### Short web captions
┄┄┄┄┄┄

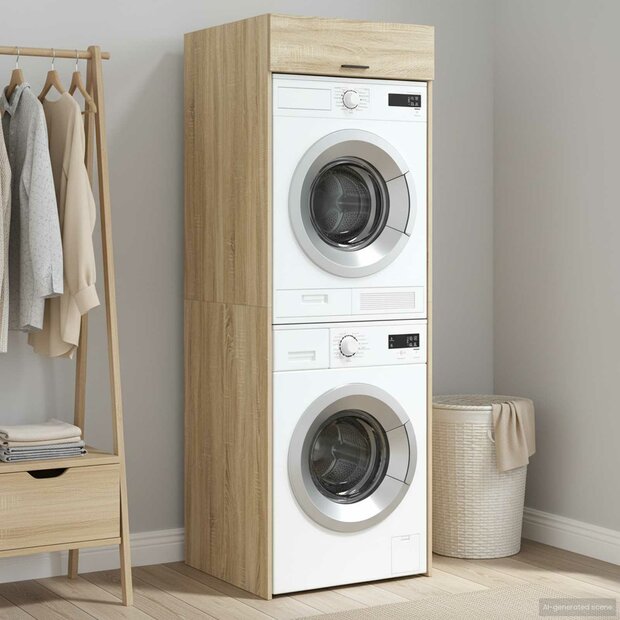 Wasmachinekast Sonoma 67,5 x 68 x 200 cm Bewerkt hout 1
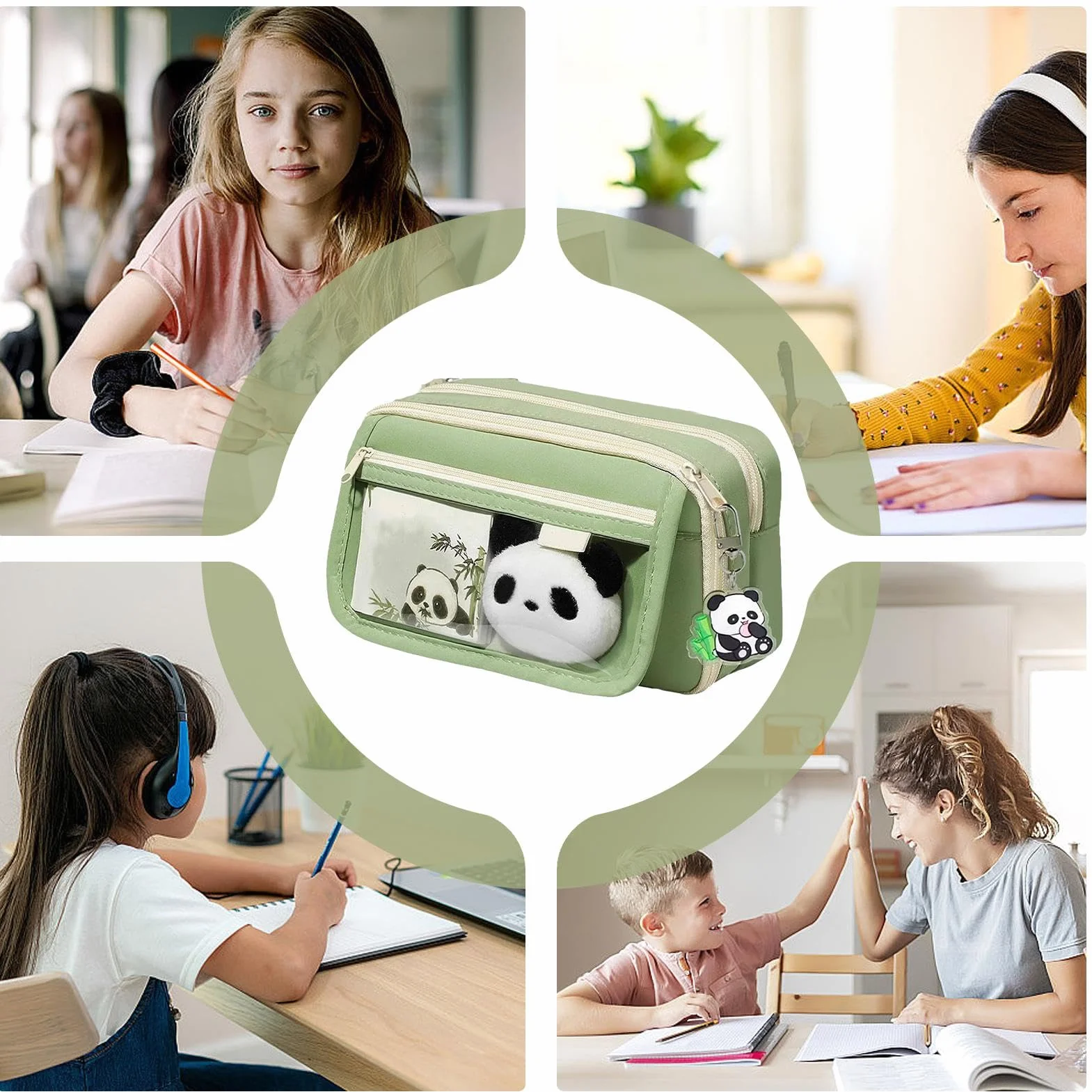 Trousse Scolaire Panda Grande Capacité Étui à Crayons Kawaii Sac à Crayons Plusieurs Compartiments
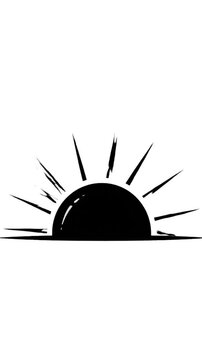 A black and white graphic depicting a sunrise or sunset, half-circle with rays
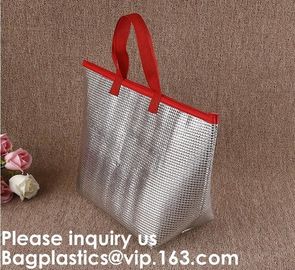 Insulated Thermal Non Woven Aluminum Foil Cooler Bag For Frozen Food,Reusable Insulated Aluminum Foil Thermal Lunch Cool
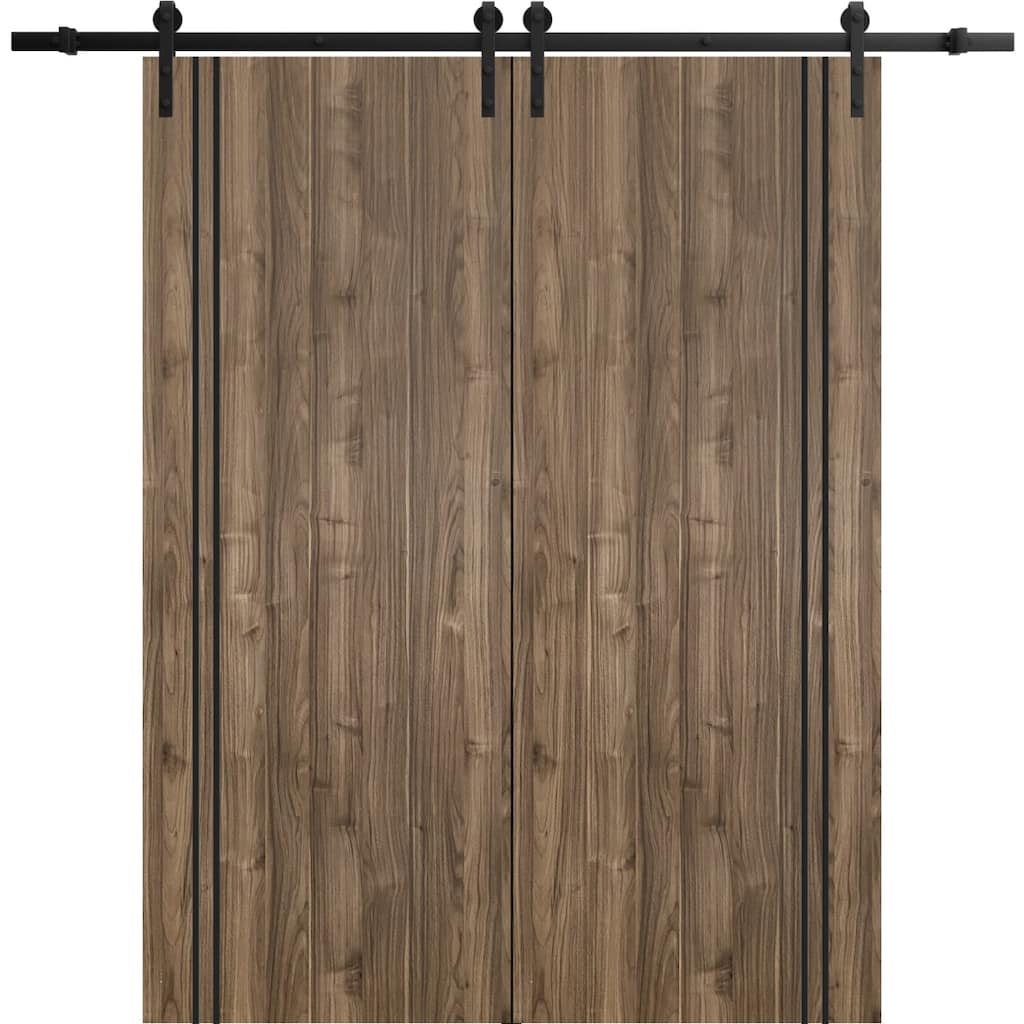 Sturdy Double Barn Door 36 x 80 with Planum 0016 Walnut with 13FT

┄┄┄┄┄┄

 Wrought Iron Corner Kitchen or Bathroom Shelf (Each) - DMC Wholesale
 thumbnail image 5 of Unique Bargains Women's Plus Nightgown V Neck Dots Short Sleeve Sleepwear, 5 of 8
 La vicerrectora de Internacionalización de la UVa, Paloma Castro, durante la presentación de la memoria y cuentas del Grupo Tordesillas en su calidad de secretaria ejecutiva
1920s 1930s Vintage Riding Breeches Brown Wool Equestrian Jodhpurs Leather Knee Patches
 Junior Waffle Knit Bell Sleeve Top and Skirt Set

┄┄┄┄┄┄

### HOW TO COMPLETE THIS TASK
All that belongs in the answer is the run of lines above from the line containing "La vicerrectora de" through the line containing "Junior Waffle Knit", exactly as written.

### SOLVED EXERCISE
 La vicerrectora de Internacionalización de la UVa, Paloma Castro, durante la presentación de la memoria y cuentas del Grupo Tordesillas en su calidad de secretaria ejecutiva
1920s 1930s Vintage Riding Breeches Brown Wool Equestrian Jodhpurs Leather Knee Patches
 Junior Waffle Knit Bell Sleeve Top and Skirt Set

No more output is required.